Somos una empresa que cotiza en bolsa. Nos sometemos a auditorías exhaustivas por parte de las firmas de auditoría líderes a nivel mundial. Divulgamos los resultados detalladamente y estamos sujetos al escrutinio de la SEC, nuestros accionistas y nuestros inversores. El nivel de escrutinio y diligencia debida al que nos sometemos por parte de un inversor que va a invertir 100, 200 o 300 millones de dólares durante 10 o 15 años antes de tomar una decisión es brutal. Como debe ser.
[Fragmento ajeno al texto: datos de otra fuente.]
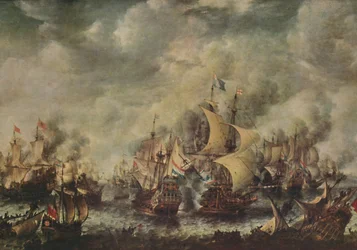 Námořní boj mezi Angličany a Holanďany Off Ter Heyde, srpen 1653, 1914.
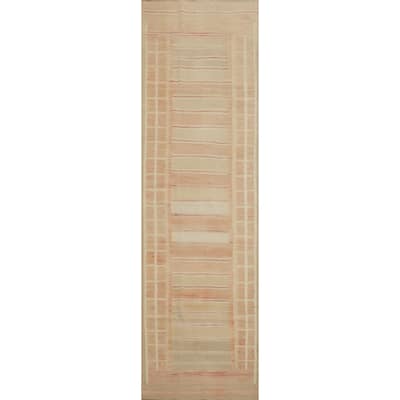 Hand Woven Oriental 100% Wool Carpet Southwestern Tribal Oranges & Rust Kilim Runner Rug - 11' 9'' X 2' 6''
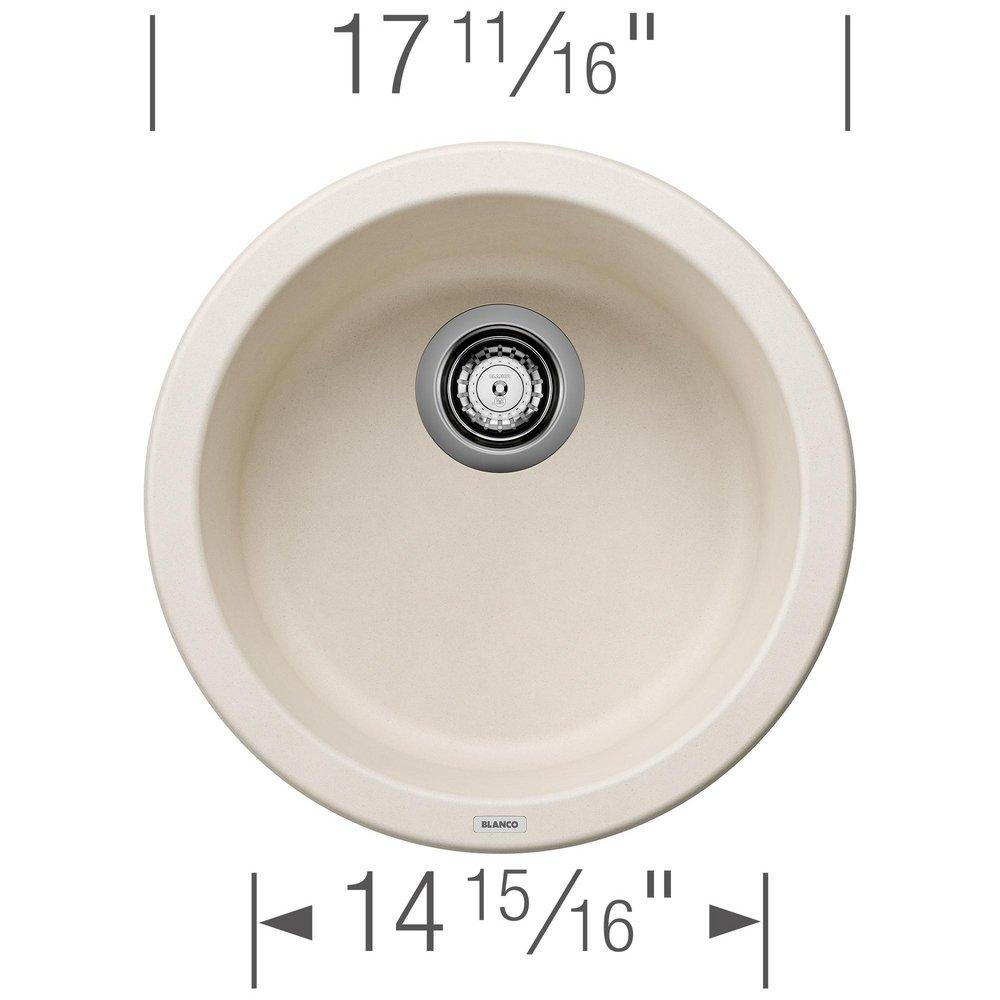 BLANCO Soft White 17-5/7 x 17-5/7 in. No-Hole Undermount Granite Bar Sink 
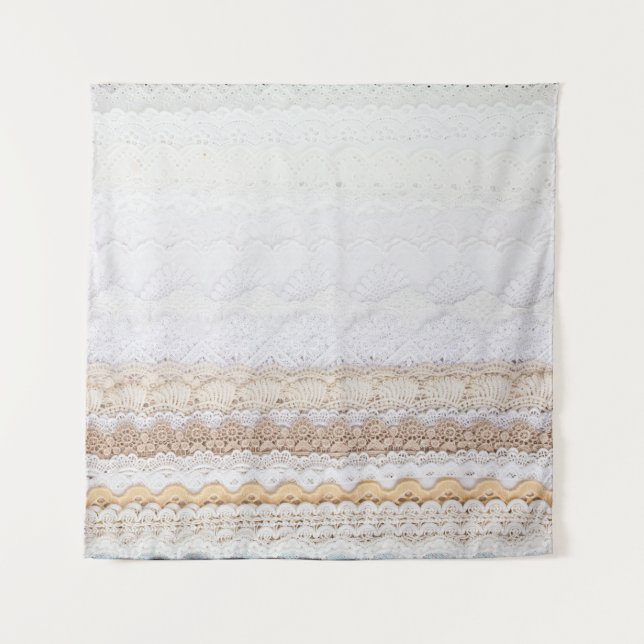 Nahtlose Spitzen-Sammlung: Texturen aus Stoff Wandteppich (Vorderseite)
Por lo tanto, es un asunto muy serio, y por eso siempre trabajamos para contar con los mejores y más rigurosos procesos de evaluación, diligencia debida y auditoría.

¿Patria tiene problemas de liquidez?
Solo abre los resultados y compruébalo. Al contrario. Actualmente, tenemos un programa de recompra de acciones establecido. Obviamente, debemos respetar los límites que impone el mercado, pero lo que sí puedo decir es que mis socios y yo estamos recomprando acciones de Patria.

Pero ¿cómo responde usted a las acusaciones realizadas por SnowCap?
Al elegir una empresa pública, estás sujeto al escrutinio, las opiniones y las perspectivas de los inversores. Lo que tenemos son nuestros resultados, nuestro mensaje, nuestra visión, lo que creemos y lo que estamos construyendo. Y en ese sentido, puedo afirmar que estamos muy satisfechos con lo que informamos la semana pasada.